Knowing your true identity is important because whether you see yourself as a child of God and/or existing within an eco-system, the meaning is still the same: you are part of a whole, which makes you whole. Remember: when you move, it moves. To wish for separateness is to insist on powerlessness - and what a nightmare that is indeed!
One of my deepest pains comes from being stood up. When I was a child, a family member promised to take me out for a special day and failed to show. I'll never forget waking up bright and early, full of excitement, and putting on my favorite outfit. Waiting patiently by the window, I stared out of it hoping to see a car that would never show. I waited all day and as the hours dragged on, something inside of me broke. The sadness and rejection cut deep. It made a scar.
This past Saturday it happened again when a guy stood me up, starting a crazy childhood spiral of heartache and pain. But at this point in life, I'm learning to lean into God instead of the nightmares I create - to be open to healing, even with fear clutching at my heart. And from that willingness, I was guided back to A Return to Love, the book that introduced me to the Course. And after reading its introductory pages, I remembered my one problem with many forms. Once again, I had forgotten my identity.
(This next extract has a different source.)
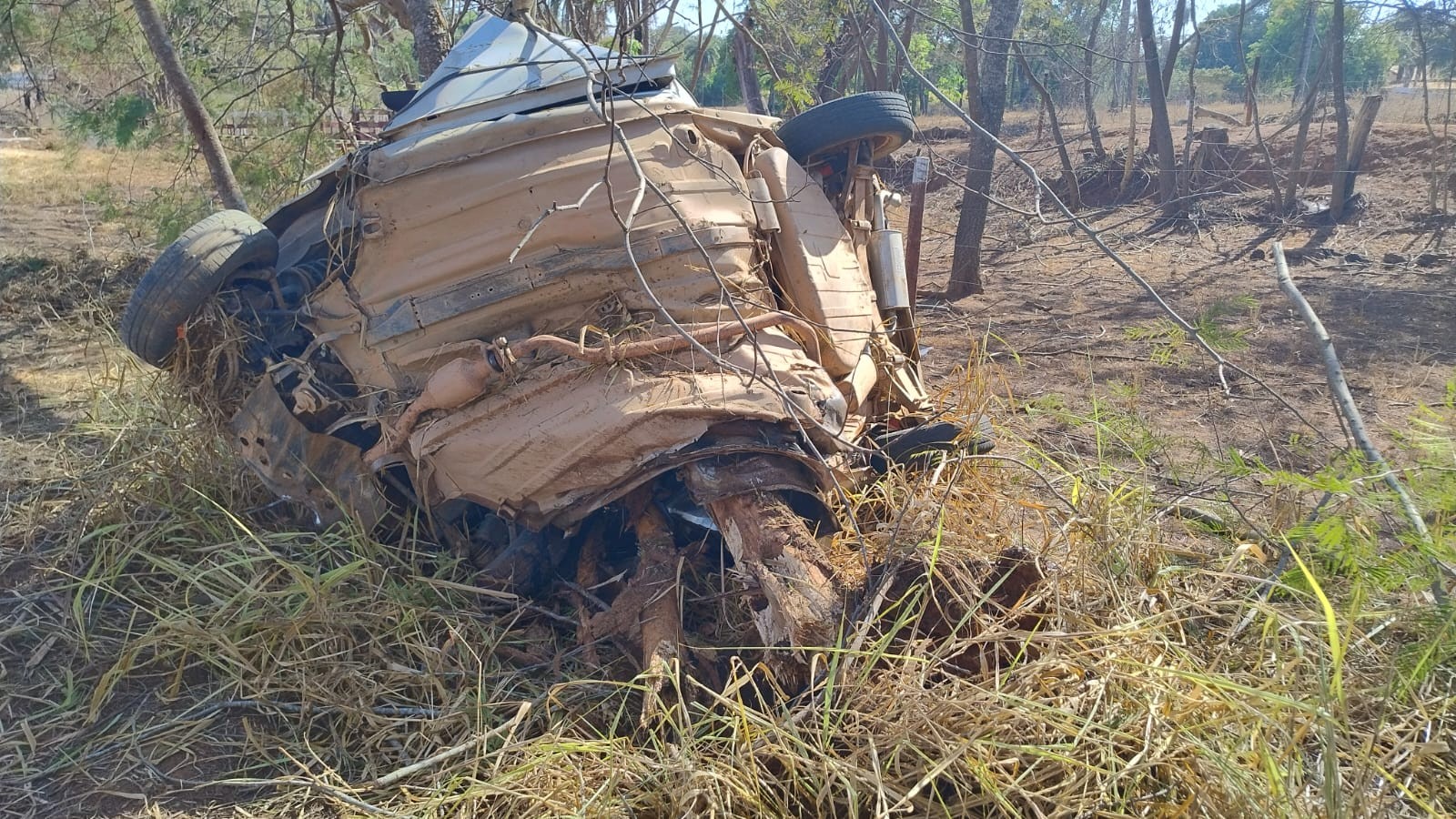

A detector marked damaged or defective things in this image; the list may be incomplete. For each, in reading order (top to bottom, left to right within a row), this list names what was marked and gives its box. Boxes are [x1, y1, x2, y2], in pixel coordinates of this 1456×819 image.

I am not falsely advertising. I am not a scammer. I am not a reject incapable to love. And yet, because a few people call me these things, a tiny part of me believes it must be true. Why else would it cause me pain?
But just as my nightmares aren’t true, there’s aren’t either.
My website consists of pictures, product descriptions, and policies. Everything is easily available for the customer to view. And as for the guy, I knew he wasn’t a good match. We just connected on one thing and I was desperate to talk. I was also desperate for a hug.
Why do we project our innermost fears onto others? I’ll give you a hint. It’s the same reason people call me a scammer and why I went looking for a hug in a loveless space. We’ve pushed the fear so far done, we hardly realize its there. It’s like we’re sleepwalking under its programming.
The Course says people live in their own nightmares until they are awakened to their true identity in an all-encompassing love. Until then, everyone who graces their life becomes an actor embodying a character from their past. They reenact the same old tired screenplay, asleep to the possibilities each new second of life brings.
We are not our brother's casting decision in the Nightmares of Their Lives. Furthermore, they are not their dreams. Because let’s get real, we are all dreamers until we fully awake to our true identity in love.
I'm writing you this letter on napkins in Starbucks because I didn't envision writing today, and therefore came woefully unprepared. And yet, here I am reminded that love can use all things to extend itself. Even the nightmares of others. Even my own.